# Ruff Love by Susan Garrett, anyone try this?



## Charliethree (Jul 18, 2010)

I would trust your gut on your concerns about using his crate in such a way, why run the risk of changing how he feels about being in it? An anxious/stressed dog can benefit from having what he feels is a 'safe place' to go to of his own choosing. I am not a fan of NILIF, preferring instead to focus on rewarding the offered behaviors I like, increasing the likelihood that the dog will repeat those behaviors, and in time putting them on cue, and interrupting and redirecting from unwanted behaviors to something more appropriate - teaching the dog what to do instead. 

I compare my reactive dog to a bored child, super smart but having no clue (at the time) what to do with his time or energy - he simply could not relax or 'settle' for any length of time. He benefited immensely from working on confidence building 'games', the use of 'shaping' games such as https://clickertraining.com/node/167, which allowed him to use his brain, and to learn to choose without fear of making a mistake, there is no 'wrong' when doing this. By giving him opportunity to use his brain and his nose playing ' Find it' - tossing treats/kibble in the grass, or hiding treats, etc. for him to find, works well for this. We also played around with agility equipment, was easy for him to learn it, teaches self control, and 'success' was easy for him to achieve.


----------



## lloyddobler (Nov 30, 2014)

Thank you for the advice. I will trust my gut on this one and re-focus on perfecting BAT and/or CARE techniques and other games and tricks to give his brain and nose a workout. I hadn't taken him on a focused walk for some time as I had gotten lazy. When he was younger he could not focus for more than a few seconds at a time. But now that he's almost 3, I found that he could focus on me much longer and it was incredibly fun. We even saw some dogs on our walk and he did get distracted by them, but I was able to get him to refocus much more quickly than I would have even a few months ago. I regret getting lazy and focusing on avoidance of other dogs moreso than managing and retaining his response when we see them to associate seeing dogs with positive things like good treats. Thank you for reminding me to trust my gut.


----------



## Ljilly28 (Jan 22, 2008)

I love this book. I modified it a bit for my situation with Copley, but found it very helpful. It is important to put so much joy into the time you spend with the dog, and for the dog to look forward you your interactions greatly.


----------



## AmberSunrise (Apr 1, 2009)

I tried Ruff Love with my Casey ... as an older dog and I will say the approach did not work for him.

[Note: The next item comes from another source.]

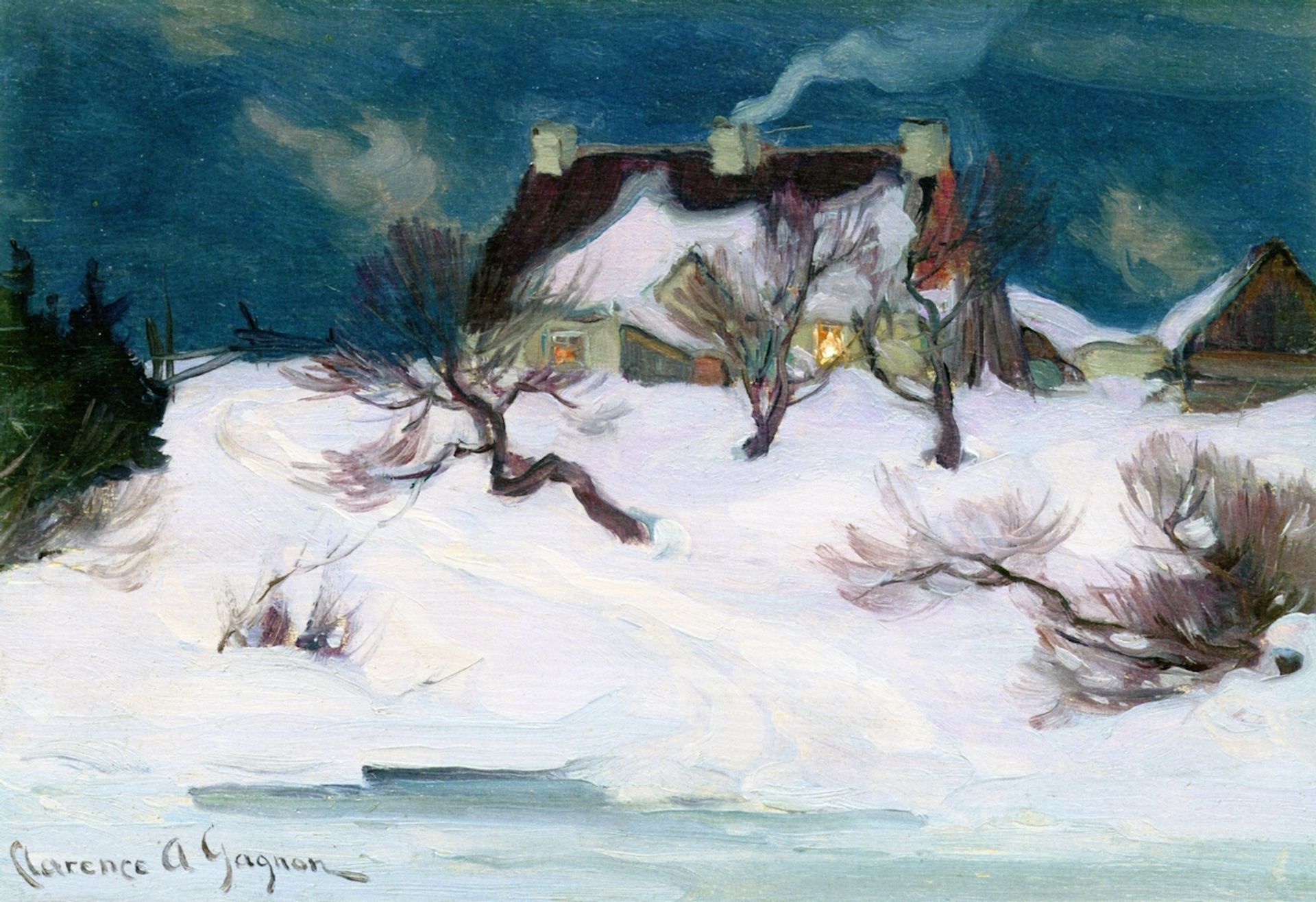 Moonlight, Île d'Orléans by Clarence Gagnon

What did work was building his confidence in 1) me being able to protect him and 2) his being confident in a variety of situations.

Casey became somewhat dog reactive after 3 unprovoked attacks (they truly were unprovoked since his back was turned in each case AND he was on leash and either in heel position or in one case on my lap). I confess I HATED B&W border collies for years for what happened with my Casey.

Different dogs need different approaches


----------



## lloyddobler (Nov 30, 2014)

Sunrise said:


> I tried Ruff Love with my Casey ... as an older dog and I will say the approach did not work for him.
> 
> What did work was building his confidence in 1) me being able to protect him and 2) his being confident in a variety of situations.
> 
> ...



Thank you for sharing your experience. I'm so sorry to hear about what happened to your Casey with the unprovoked attacks! What did you do to help him become more confident and protect him? 

I found this video today that gave me hope and inspiration: 




I'm not sure these techniques will work for my pup, but I will definitely employ using the flight response when we see other dogs to ensure my pup feels protected and understood. 

Thank you again! I love hearing about other folks' experiences to learn and try to help me figure out what will work for my boy. Similar to your pup, I believe Lloyd's issues with other dogs started from a negative/scary experience he had as a puppy when I brought him to my office. I work in a dog friendly office building and another person had brought in his two pit bull/boxer mixes. Lloyd and I walked by them and they ran up to the edge of the row and were behind a baby gate, but they both growled, barked, snarled, and lunged and sounded very mean. We didn't know they were there until we walked by and it scared both of us as it caught us by surprise! While they didn't touch him, I believe that scary experience stuck with my pup as he started reacting to dogs that looked similar initially.In fact, he never wanted to walk by that same area in my office again. He would try to pull me in the other direction any time I tried to walk him that way. He is now reactive to most dogs unfortunately.


----------



## AmberSunrise (Apr 1, 2009)

I started stepping between him and any approaching dog. I started standing up for my dog...and no one, not a teacher, friend or mentor was ever allowed to touch his leash.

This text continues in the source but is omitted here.